Dataset:
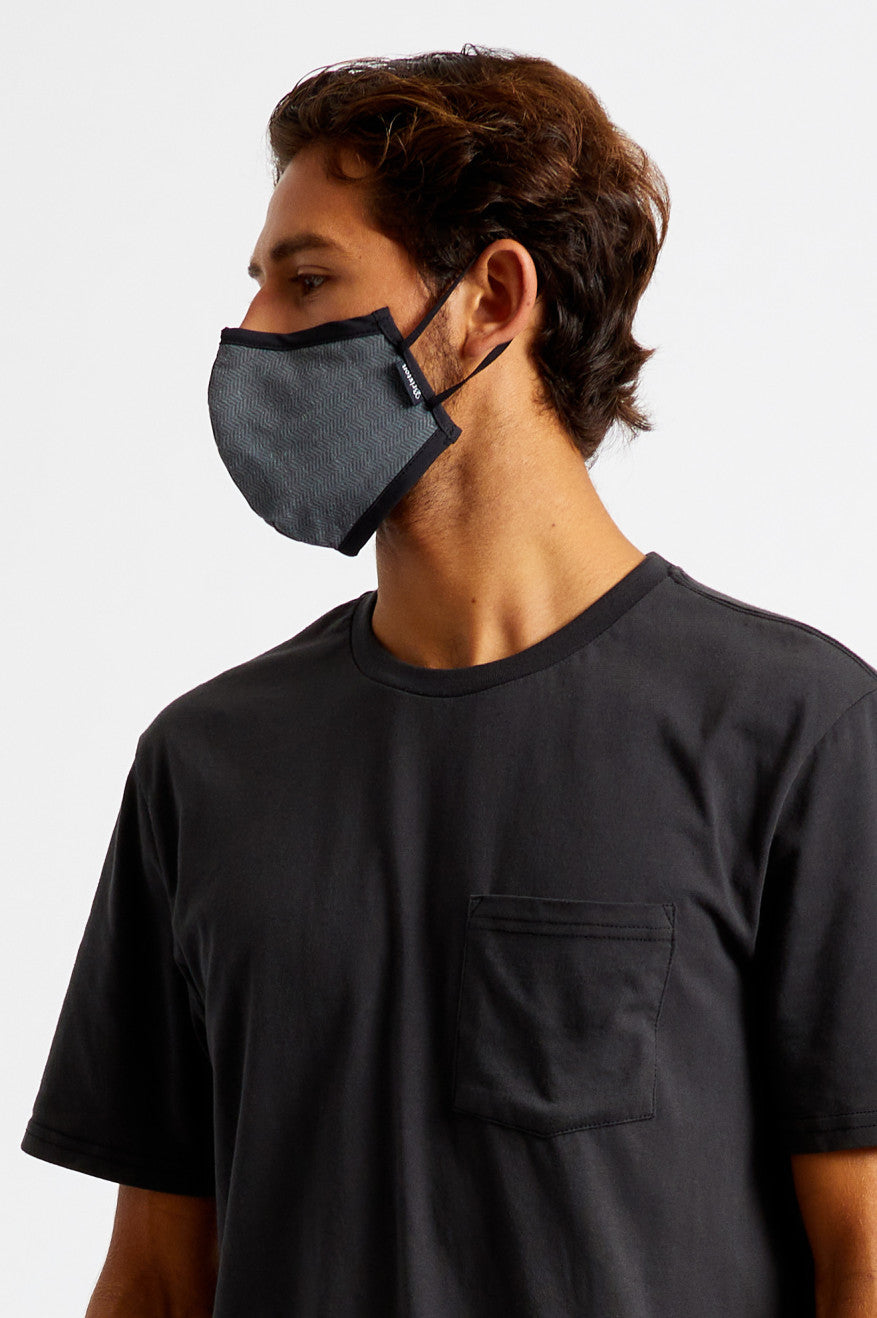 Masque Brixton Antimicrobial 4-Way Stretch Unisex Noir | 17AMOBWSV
* * *
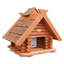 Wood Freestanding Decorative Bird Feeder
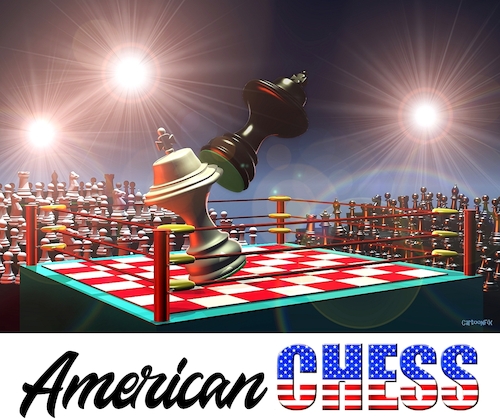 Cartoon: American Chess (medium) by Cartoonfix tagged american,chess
--
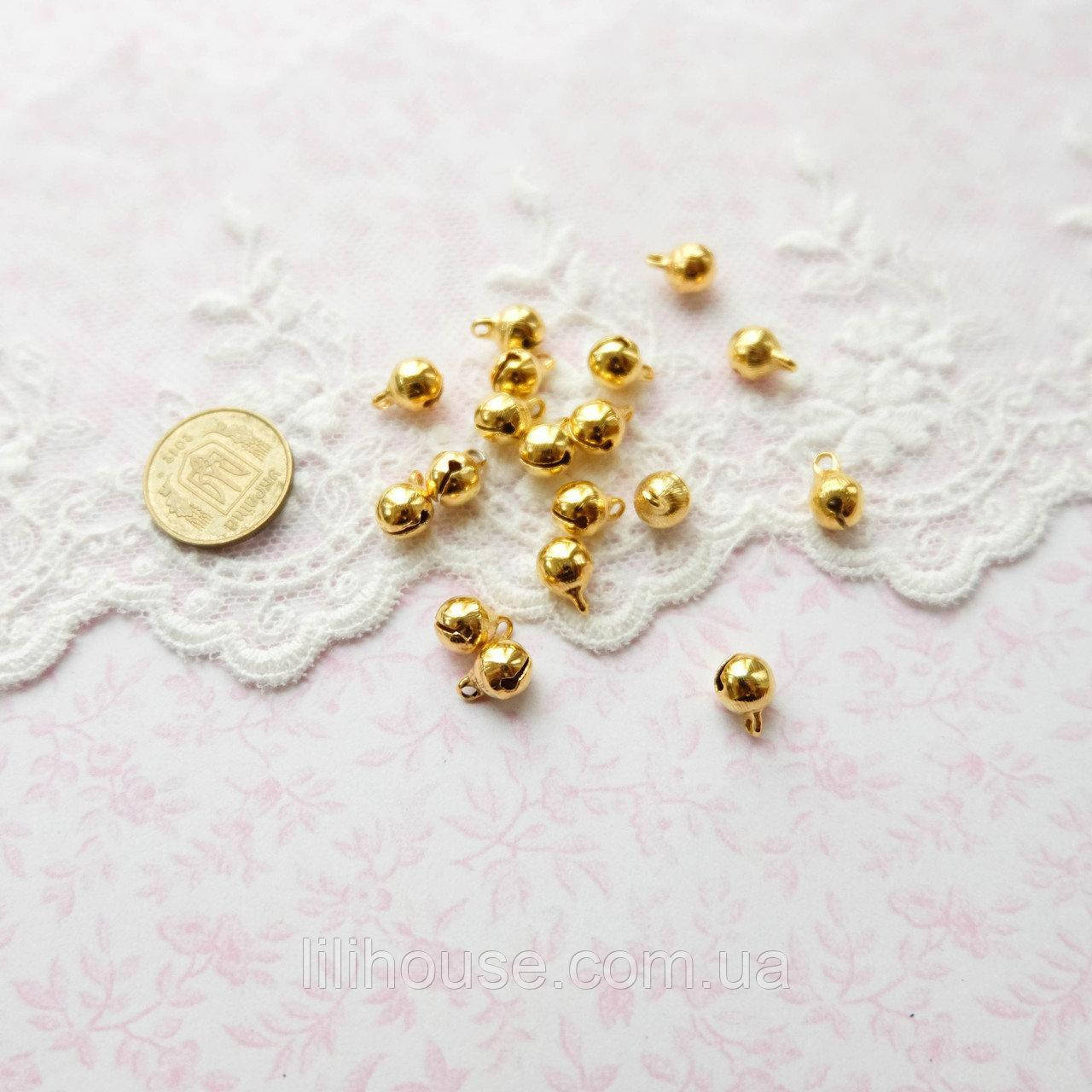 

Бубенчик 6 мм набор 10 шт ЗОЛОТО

Try it: Please repeat, exactly as written, the lines in the records above, starting with the one that has "Wood Freestanding Decorative Bird Feeder" and going on through the one that has "Cartoon: American Chess". Pictures are to be left out.

Solution to the exercise:
 Wood Freestanding Decorative Bird Feeder
 Cartoon: American Chess (medium) by Cartoonfix tagged american,chess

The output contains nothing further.